Human slavery is bad ground for conservatives to make a stand upon; yet it needs to be remembered that the wild demands and expectations of the abolitionists were quite a slipery a foundation por political decency (...) So far as it is possible, we shall try to keep clear here of the partisan controversy over slavery and penetrate instead (...) to those conservative ideas wich Randolph and Calhoun enunciated. (...)

So far as preservation of the Old South was concerned, their conservatism was impotent - indeed, it hurried the Southern states along the road to the Civil War, wich in five year did more to extripate Southern society than a generation of civil domination by the North could have effected.  (...)

The modern South cannot be said to obey any consciously conservative ideas - only conservative instincts, exposed to all the corruption that instinct unlit by principle encounters in a literate age. The affection for state sovereignity, the duties of a gentleman, and the traditions of society that Calhoun and Randolph extolled found their finest embodiment in General Lee; and, with Lee, these ideas yealded to superior force at Appomatox. The political representantive of those principles was a man of parts less exemplary than Lee's, but still a man of high courage and dignity, Jefferson Davis. Eighty years later, the progressive vulgarization of those Southern instincts put in the Mississipi senatorship that had been Davis' such a man as Theodore Bilbo.
Pegando nesta conversa de Kirk (e convem ler a passagem toda, se possível, em vez de apenas estes  trechos), parece-me que ele coloca na tradição conservadora John Randolph e John Calhoun (recorde-se que este último foi o provavelmente o principal ideólogo da defesa da escravatura nos EUA) e também os confederados Lee e Jefferson Davis e finalmente o que ele chama os "modern Southern congressman" (não é muito claro a que se refere o "modern", já que o livro foi tendo várias versões desde os anos 50 aos 80, mas quase de certeza que inclui os congressistas do tempo dos "direitos civis", que estavam ativos nas décadas em que o livro foi sendo publicado). Sim, é uma inclusão um pouco a contragosto, e tentando deixar o mais possível de lado as questões da escravatura e do racismo (e lamentado que o conservadorismo sulista seja cada vez menos uma ideia e mais um puro instinto), mas uma inclusão mesmo assim (e aliás a dada altura escrevendo que a sociedade dos plantadores sulistas era conservadora por natureza, mesmo que a dada altura [suponho que se refira a Thomas Jefferson e aos seus aliados] tenha querido ser igualitária).
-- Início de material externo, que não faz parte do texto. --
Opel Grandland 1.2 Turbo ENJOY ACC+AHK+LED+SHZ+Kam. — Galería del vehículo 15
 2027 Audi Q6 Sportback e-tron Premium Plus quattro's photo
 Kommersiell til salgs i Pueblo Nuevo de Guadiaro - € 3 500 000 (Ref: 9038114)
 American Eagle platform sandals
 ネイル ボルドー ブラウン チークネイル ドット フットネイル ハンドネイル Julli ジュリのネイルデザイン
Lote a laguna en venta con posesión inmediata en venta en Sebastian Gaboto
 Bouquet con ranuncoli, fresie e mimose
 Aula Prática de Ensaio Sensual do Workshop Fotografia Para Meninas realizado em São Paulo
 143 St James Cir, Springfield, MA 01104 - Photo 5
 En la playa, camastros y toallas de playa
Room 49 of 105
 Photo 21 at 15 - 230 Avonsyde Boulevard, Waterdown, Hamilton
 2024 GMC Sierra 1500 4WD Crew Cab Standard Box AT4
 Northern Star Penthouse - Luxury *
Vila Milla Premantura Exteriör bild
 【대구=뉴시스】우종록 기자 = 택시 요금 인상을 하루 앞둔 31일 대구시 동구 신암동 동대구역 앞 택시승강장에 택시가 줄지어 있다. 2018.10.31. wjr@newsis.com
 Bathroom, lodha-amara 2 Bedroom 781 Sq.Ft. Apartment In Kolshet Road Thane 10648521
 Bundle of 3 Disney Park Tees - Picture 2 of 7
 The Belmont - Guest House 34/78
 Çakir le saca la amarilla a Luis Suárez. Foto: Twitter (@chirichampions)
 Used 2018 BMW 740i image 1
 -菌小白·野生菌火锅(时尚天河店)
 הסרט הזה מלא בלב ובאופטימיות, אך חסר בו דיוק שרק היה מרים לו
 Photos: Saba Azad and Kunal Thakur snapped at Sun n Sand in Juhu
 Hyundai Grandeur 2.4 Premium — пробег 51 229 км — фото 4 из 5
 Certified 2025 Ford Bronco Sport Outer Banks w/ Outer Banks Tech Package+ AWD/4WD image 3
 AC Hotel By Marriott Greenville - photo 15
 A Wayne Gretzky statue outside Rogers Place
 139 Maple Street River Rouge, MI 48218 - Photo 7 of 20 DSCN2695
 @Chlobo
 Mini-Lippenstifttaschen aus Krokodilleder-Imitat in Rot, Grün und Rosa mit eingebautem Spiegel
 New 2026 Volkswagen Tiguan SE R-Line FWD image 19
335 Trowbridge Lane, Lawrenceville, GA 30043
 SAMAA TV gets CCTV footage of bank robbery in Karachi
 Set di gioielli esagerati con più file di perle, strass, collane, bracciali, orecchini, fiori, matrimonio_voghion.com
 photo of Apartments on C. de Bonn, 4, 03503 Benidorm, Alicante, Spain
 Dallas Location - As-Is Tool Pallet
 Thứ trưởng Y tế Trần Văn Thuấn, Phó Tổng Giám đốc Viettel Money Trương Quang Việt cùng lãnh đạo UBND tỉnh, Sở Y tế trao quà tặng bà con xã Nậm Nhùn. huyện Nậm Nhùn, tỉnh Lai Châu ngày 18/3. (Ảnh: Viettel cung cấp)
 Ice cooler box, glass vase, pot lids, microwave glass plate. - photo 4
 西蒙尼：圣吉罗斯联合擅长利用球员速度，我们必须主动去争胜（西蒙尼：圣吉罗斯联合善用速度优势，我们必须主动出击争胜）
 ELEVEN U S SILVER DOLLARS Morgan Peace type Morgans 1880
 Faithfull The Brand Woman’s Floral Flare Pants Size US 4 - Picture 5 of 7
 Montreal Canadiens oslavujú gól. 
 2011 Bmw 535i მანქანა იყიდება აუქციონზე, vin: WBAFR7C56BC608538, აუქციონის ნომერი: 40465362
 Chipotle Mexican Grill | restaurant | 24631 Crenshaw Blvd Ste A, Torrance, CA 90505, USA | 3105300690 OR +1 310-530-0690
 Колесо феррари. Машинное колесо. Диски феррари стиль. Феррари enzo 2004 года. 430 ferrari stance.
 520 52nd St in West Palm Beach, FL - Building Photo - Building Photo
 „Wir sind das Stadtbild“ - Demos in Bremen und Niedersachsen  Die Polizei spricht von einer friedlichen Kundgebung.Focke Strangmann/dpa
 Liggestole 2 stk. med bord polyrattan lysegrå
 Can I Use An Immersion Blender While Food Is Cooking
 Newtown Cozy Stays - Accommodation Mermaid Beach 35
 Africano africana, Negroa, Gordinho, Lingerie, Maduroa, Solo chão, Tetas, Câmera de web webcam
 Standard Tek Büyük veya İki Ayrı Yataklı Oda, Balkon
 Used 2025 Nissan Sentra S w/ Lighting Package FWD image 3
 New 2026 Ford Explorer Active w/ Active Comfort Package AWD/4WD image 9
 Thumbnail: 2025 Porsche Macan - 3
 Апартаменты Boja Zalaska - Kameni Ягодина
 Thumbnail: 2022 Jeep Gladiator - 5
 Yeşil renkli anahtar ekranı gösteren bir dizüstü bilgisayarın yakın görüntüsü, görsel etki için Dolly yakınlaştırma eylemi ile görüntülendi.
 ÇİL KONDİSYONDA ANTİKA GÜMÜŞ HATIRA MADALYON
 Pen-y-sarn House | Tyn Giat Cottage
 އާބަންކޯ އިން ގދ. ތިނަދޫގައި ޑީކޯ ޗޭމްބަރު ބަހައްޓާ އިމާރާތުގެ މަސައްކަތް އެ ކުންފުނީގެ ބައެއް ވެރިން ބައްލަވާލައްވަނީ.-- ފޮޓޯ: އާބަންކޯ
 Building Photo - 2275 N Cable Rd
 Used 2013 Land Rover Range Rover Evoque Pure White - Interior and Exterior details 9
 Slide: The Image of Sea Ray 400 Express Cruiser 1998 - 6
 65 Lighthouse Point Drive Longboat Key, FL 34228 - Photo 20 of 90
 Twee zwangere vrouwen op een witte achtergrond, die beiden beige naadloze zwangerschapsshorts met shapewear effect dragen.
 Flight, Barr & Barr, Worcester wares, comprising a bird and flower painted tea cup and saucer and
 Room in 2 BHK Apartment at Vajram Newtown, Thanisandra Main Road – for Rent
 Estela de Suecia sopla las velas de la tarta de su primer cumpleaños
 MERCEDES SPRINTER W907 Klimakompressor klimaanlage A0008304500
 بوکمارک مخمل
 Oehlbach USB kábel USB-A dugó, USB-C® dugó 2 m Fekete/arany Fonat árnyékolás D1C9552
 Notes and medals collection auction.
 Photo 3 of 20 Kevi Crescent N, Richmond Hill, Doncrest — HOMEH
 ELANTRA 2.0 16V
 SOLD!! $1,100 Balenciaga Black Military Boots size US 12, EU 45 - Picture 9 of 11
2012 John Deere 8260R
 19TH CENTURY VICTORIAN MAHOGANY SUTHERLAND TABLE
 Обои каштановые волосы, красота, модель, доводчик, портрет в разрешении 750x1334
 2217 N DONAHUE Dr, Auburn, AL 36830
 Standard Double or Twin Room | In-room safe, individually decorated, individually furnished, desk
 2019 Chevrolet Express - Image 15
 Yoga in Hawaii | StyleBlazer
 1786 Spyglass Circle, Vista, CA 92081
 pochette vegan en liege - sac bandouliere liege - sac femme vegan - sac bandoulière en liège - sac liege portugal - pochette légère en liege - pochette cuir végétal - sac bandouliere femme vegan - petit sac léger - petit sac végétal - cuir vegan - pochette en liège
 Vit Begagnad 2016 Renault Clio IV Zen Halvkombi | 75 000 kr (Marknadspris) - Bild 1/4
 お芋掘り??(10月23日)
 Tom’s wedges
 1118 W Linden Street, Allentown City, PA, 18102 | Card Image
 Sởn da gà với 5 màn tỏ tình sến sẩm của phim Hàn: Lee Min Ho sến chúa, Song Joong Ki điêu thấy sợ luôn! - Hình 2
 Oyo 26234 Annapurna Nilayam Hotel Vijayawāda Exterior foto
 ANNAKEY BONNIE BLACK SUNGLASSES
Diga-se que, aliás, seria provavelmente difícil a Kirk excluir o Sul da tradição conservadora mesmo que o quisesse, já que creio que ele tinha simpatia pela ideia de uma sociedade liderada por uma elite de proprietários rurais, e o que mais parecido terá havido com isso na história dos EUA terá sido o Sul antebellum.

O que talvez pudesse ser discutido é se toda a tradição conservadora descrita por Kirk, englobando pessoas tão diversas - e no seu tempo politicamente opostas - onde cabem tanto centralistas nortistas como Hamilton e localistas sulistas como Randolph faz algum sentido ou se foi largamente uma criação retroativa tentando dar antepassados aos conservadores dos anos 50; mas o meu ponto é menos se os defensores do "Velho Sul" eram conservadores, mas sim se o moderno conservadorismo norte-americano os considera ou considerava como parte da sua geneologia ideológica, e claramente considerava.